*** MATERIAL SHOWN

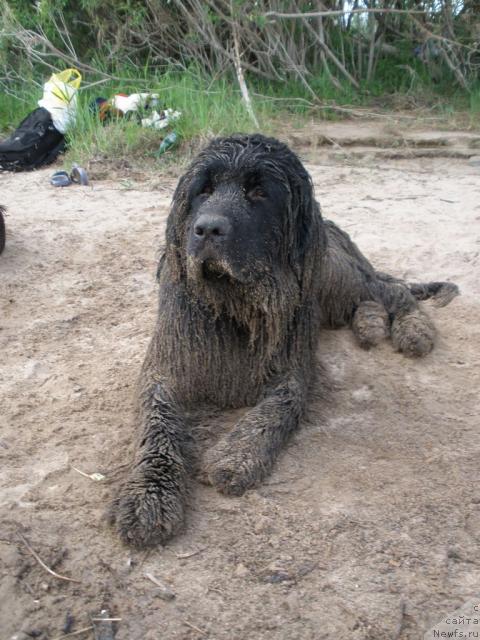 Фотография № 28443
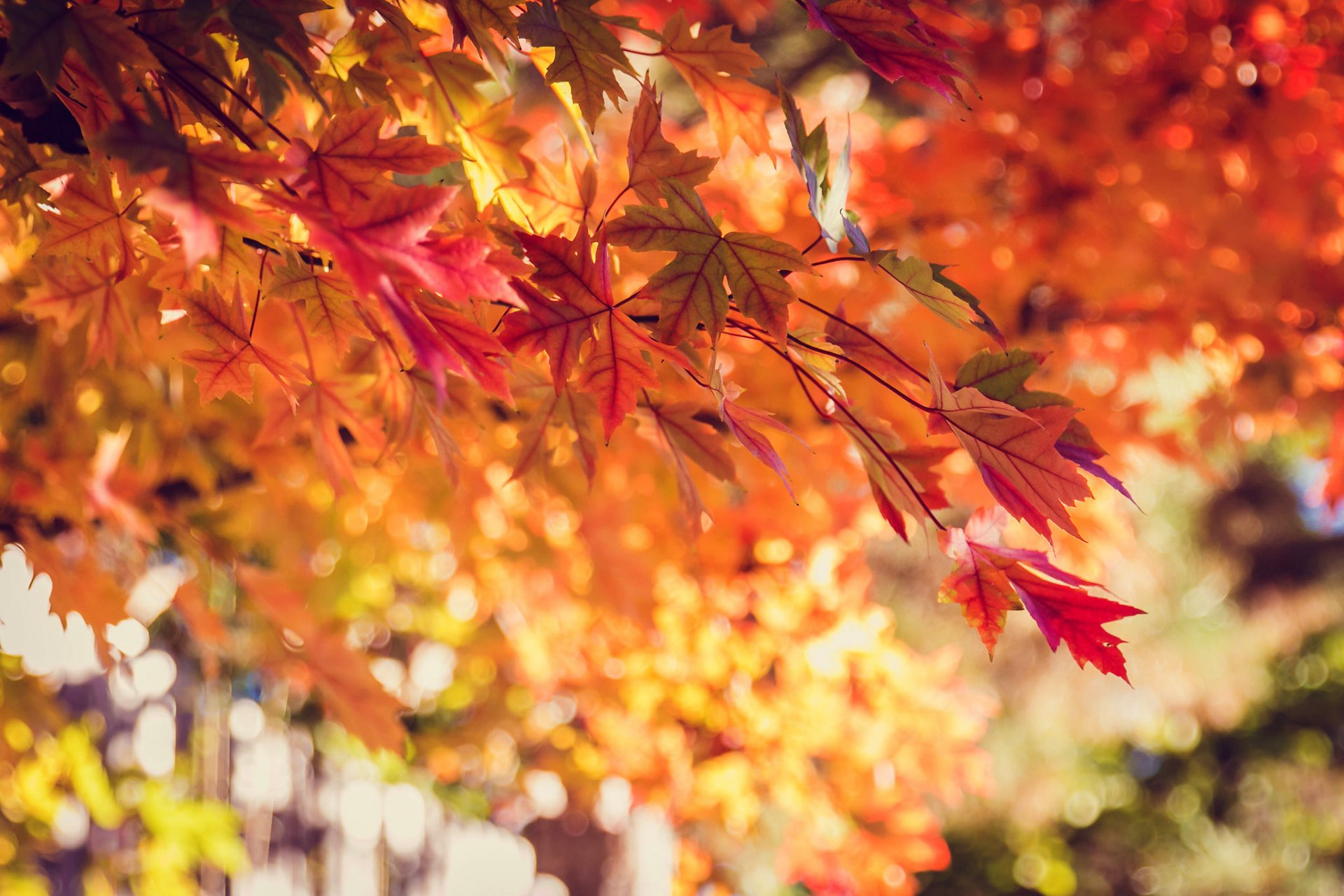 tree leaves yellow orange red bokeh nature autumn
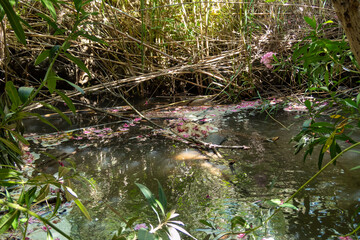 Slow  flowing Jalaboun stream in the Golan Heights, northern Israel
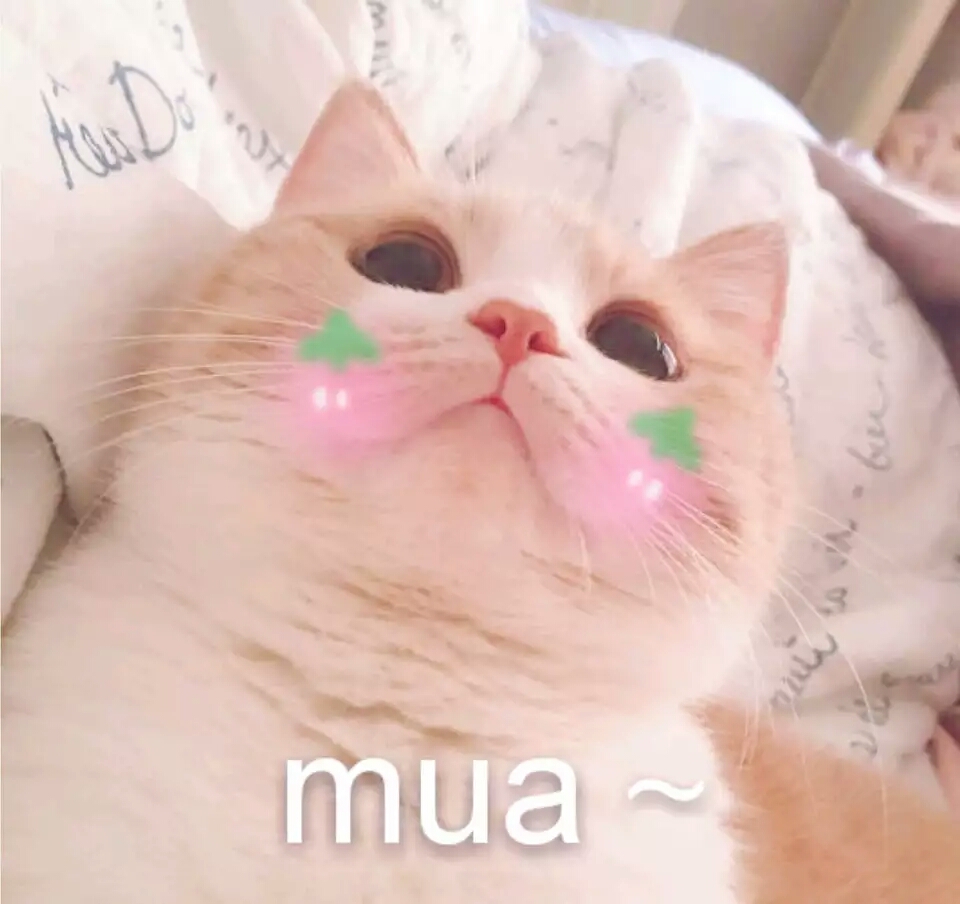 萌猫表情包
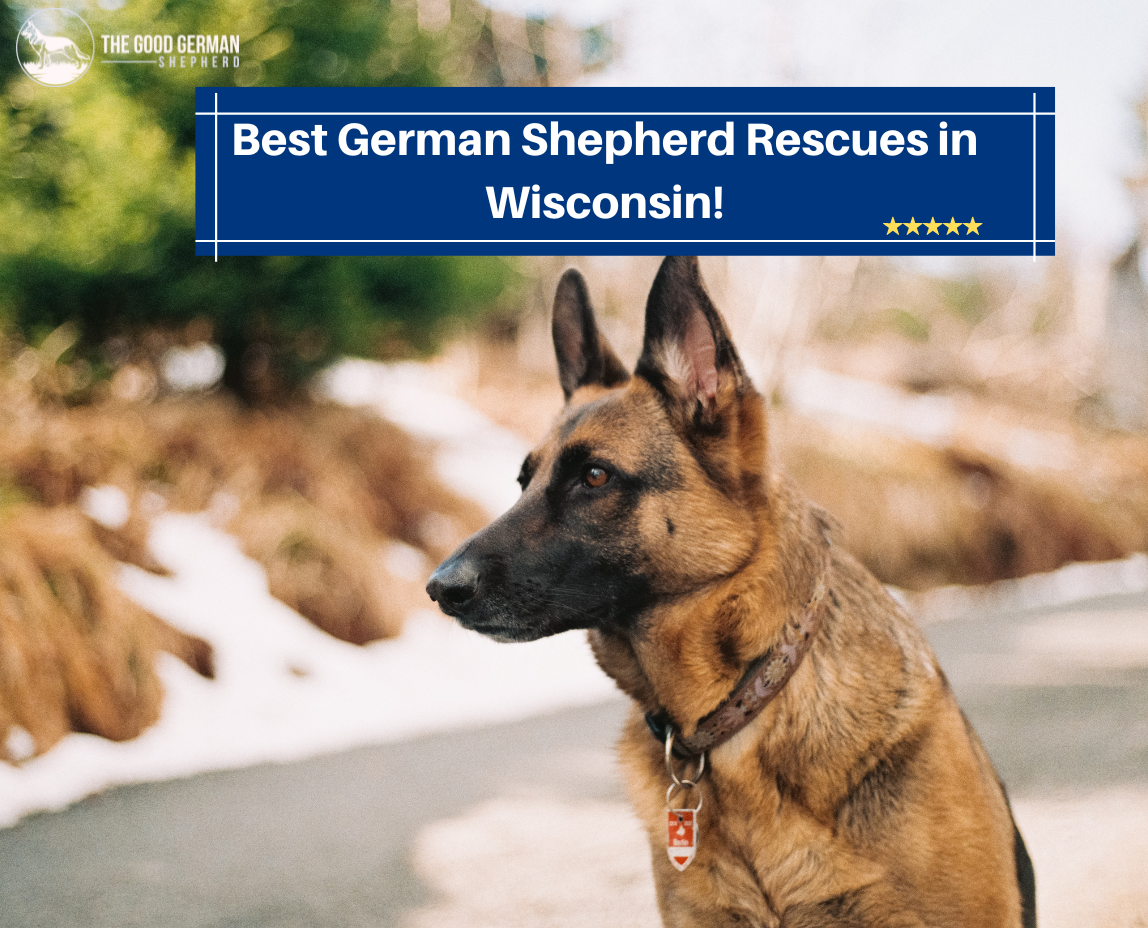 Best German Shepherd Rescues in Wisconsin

******

Copy all the entries above exactly as they stand, except for the pictures.

» SOLUTION TO THIS EXERCISE
 Фотография № 28443
 tree leaves yellow orange red bokeh nature autumn
 Slow  flowing Jalaboun stream in the Golan Heights, northern Israel
 萌猫表情包
 Best German Shepherd Rescues in Wisconsin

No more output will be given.